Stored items
◇ ◇ ◇ ◇ ◇ ◇ ◇

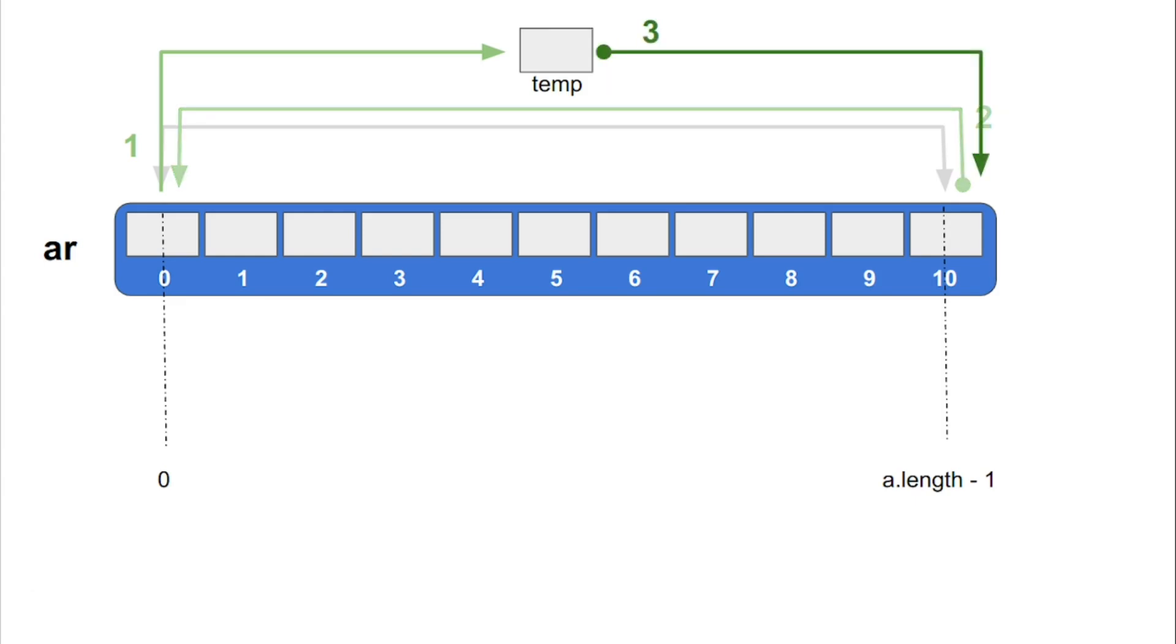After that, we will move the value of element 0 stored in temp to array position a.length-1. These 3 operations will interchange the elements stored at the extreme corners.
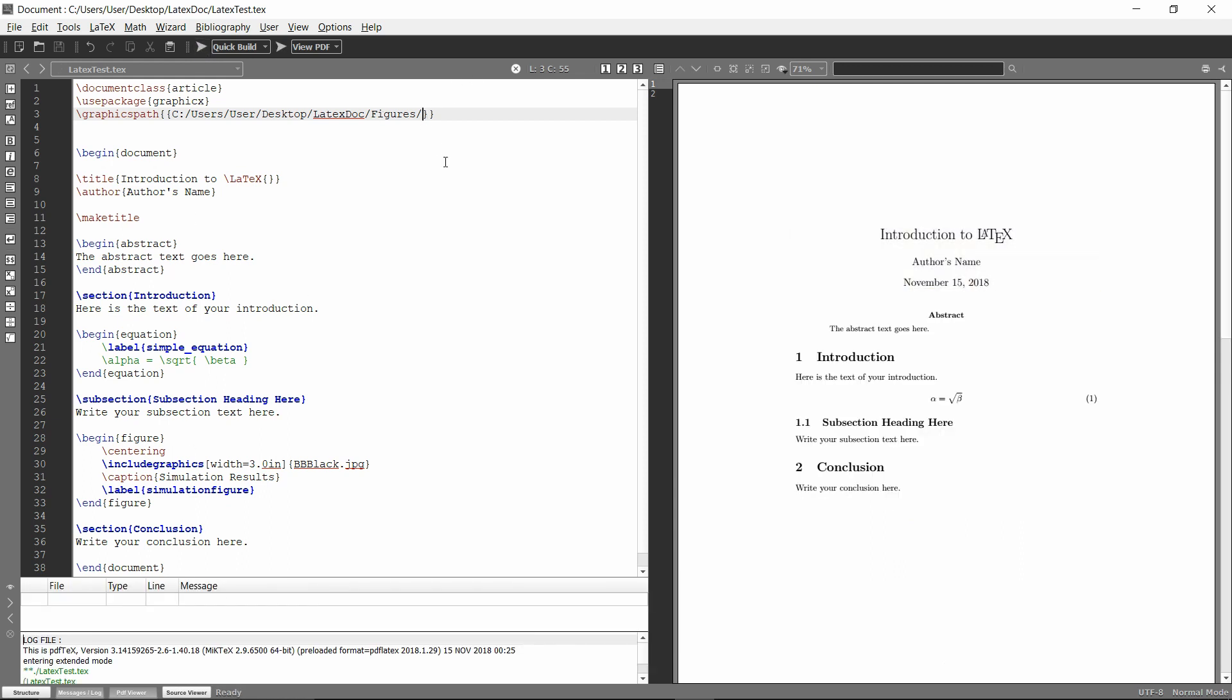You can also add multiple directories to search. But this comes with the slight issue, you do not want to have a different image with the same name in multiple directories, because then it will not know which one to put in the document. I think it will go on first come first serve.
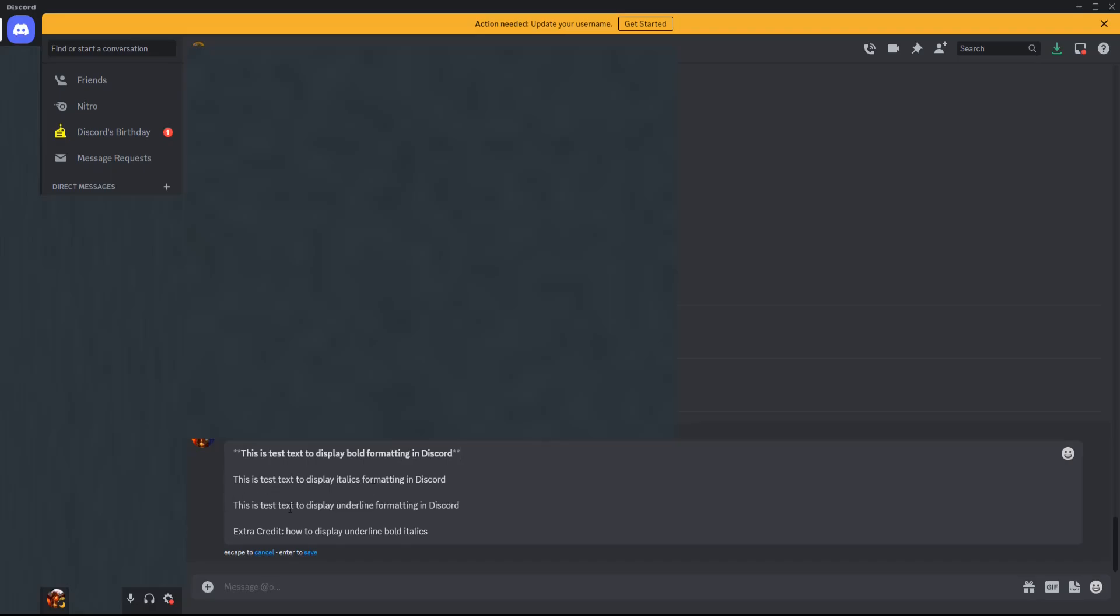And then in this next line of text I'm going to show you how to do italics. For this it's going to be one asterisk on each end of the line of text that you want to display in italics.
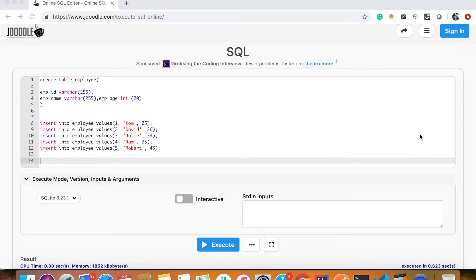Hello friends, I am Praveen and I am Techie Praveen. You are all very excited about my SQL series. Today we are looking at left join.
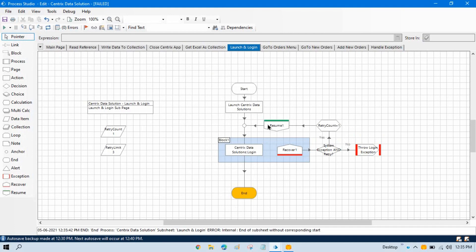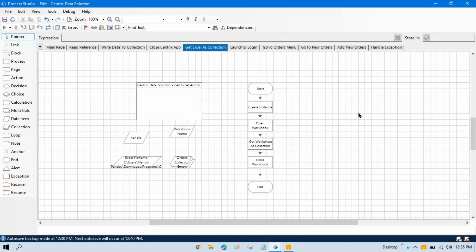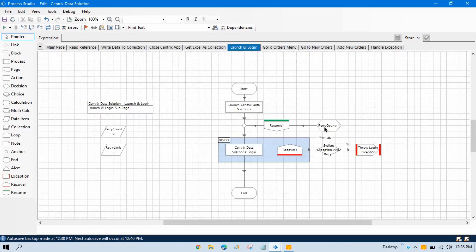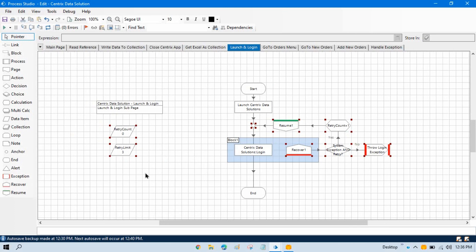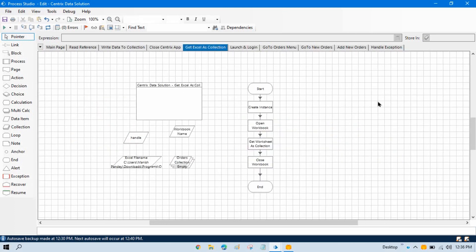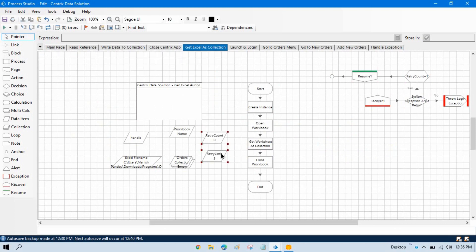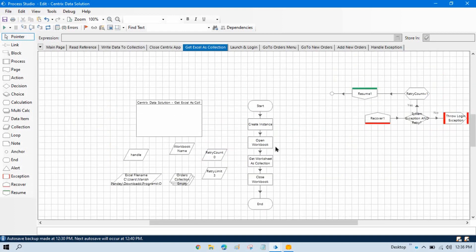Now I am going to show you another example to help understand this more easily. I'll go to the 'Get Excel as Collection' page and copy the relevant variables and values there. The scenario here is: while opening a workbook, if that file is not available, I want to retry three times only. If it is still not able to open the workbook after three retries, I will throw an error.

◇ ◇ ◇ ◇ ◇ ◇ ◇

Problem to work on: Word for word, print out all of the records above; pass over the pictures.

Result for this exercise:
After that, we will move the value of element 0 stored in temp to array position a.length-1. These 3 operations will interchange the elements stored at the extreme corners.
You can also add multiple directories to search. But this comes with the slight issue, you do not want to have a different image with the same name in multiple directories, because then it will not know which one to put in the document. I think it will go on first come first serve.
And then in this next line of text I'm going to show you how to do italics. For this it's going to be one asterisk on each end of the line of text that you want to display in italics.
Hello friends, I am Praveen and I am Techie Praveen. You are all very excited about my SQL series. Today we are looking at left join.
Now I am going to show you another example to help understand this more easily. I'll go to the 'Get Excel as Collection' page and copy the relevant variables and values there. The scenario here is: while opening a workbook, if that file is not available, I want to retry three times only. If it is still not able to open the workbook after three retries, I will throw an error.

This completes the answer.